**EXERCISE GOAL**:
Exact repetition, pictures omitted: give every record below again.

**Brief descriptive captions**:
——————

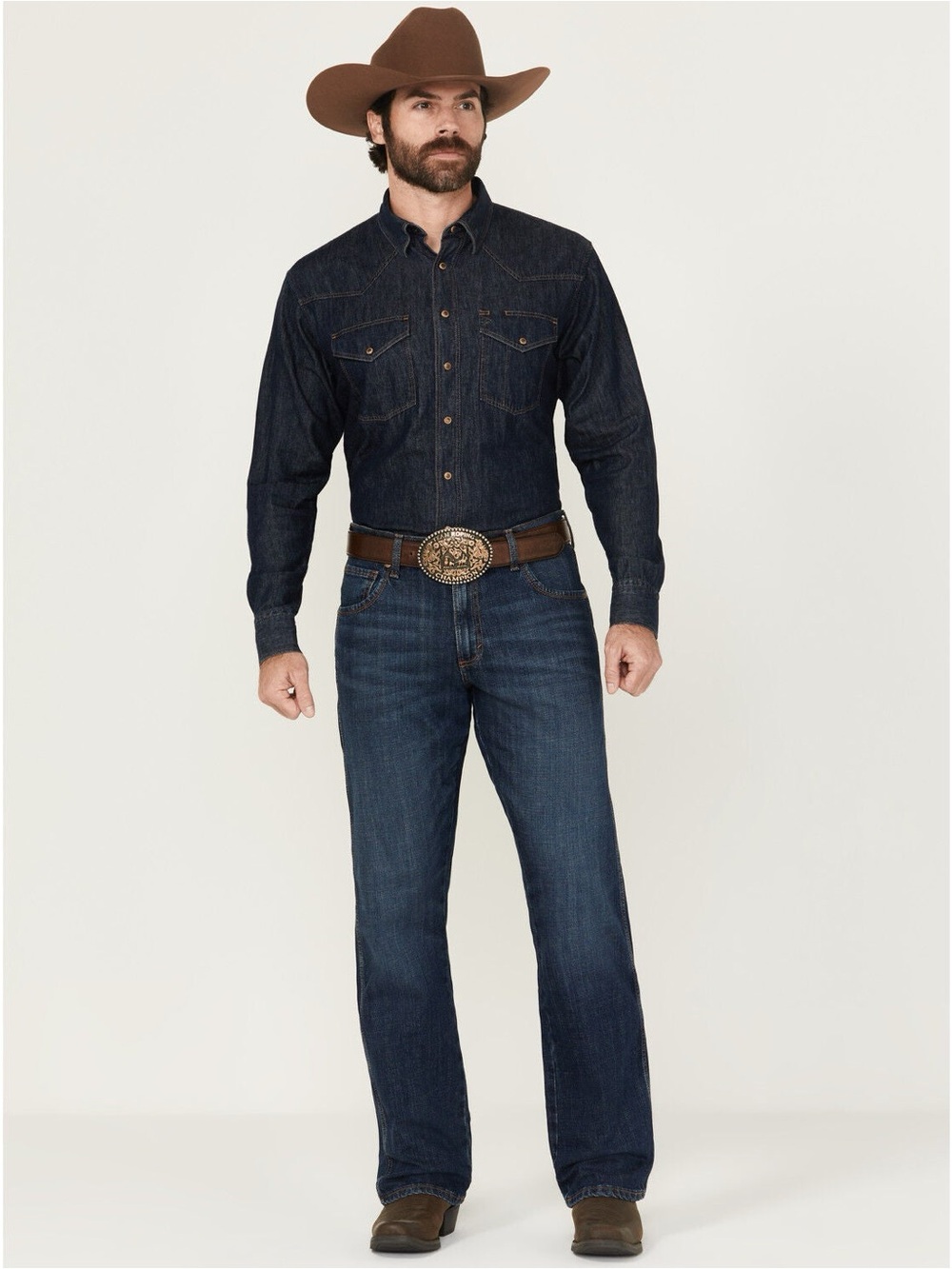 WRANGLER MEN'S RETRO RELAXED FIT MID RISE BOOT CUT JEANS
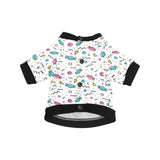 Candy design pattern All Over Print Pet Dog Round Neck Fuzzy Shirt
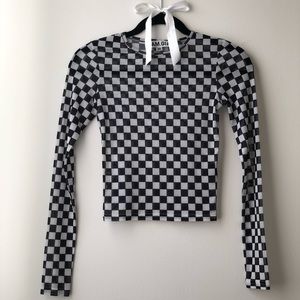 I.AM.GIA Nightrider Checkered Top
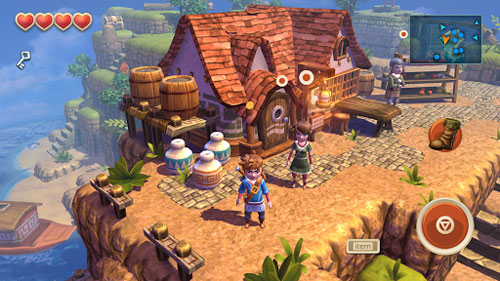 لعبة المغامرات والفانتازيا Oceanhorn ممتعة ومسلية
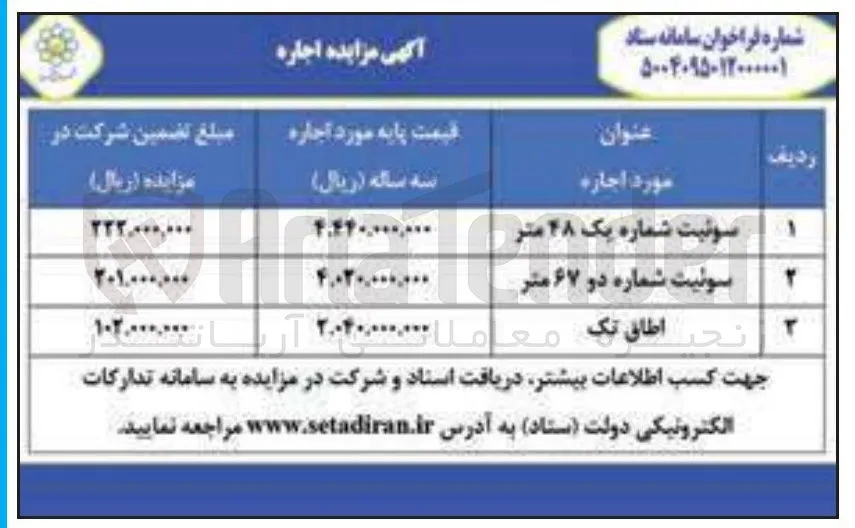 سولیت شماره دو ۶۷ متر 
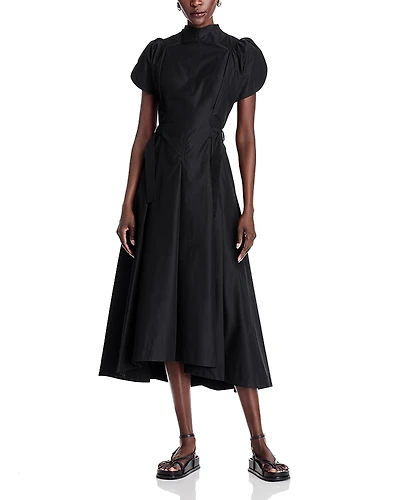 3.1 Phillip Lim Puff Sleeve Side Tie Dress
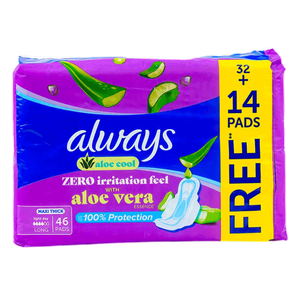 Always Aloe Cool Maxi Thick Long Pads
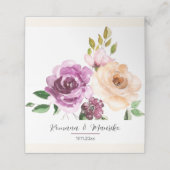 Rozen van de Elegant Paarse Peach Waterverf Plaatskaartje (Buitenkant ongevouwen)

——————

**EXERCISE RESPONSE**:
 WRANGLER MEN'S RETRO RELAXED FIT MID RISE BOOT CUT JEANS
 Candy design pattern All Over Print Pet Dog Round Neck Fuzzy Shirt
 I.AM.GIA Nightrider Checkered Top
 لعبة المغامرات والفانتازيا Oceanhorn ممتعة ومسلية
 سولیت شماره دو ۶۷ متر 
 3.1 Phillip Lim Puff Sleeve Side Tie Dress
 Always Aloe Cool Maxi Thick Long Pads
 Rozen van de Elegant Paarse Peach Waterverf Plaatskaartje (Buitenkant ongevouwen)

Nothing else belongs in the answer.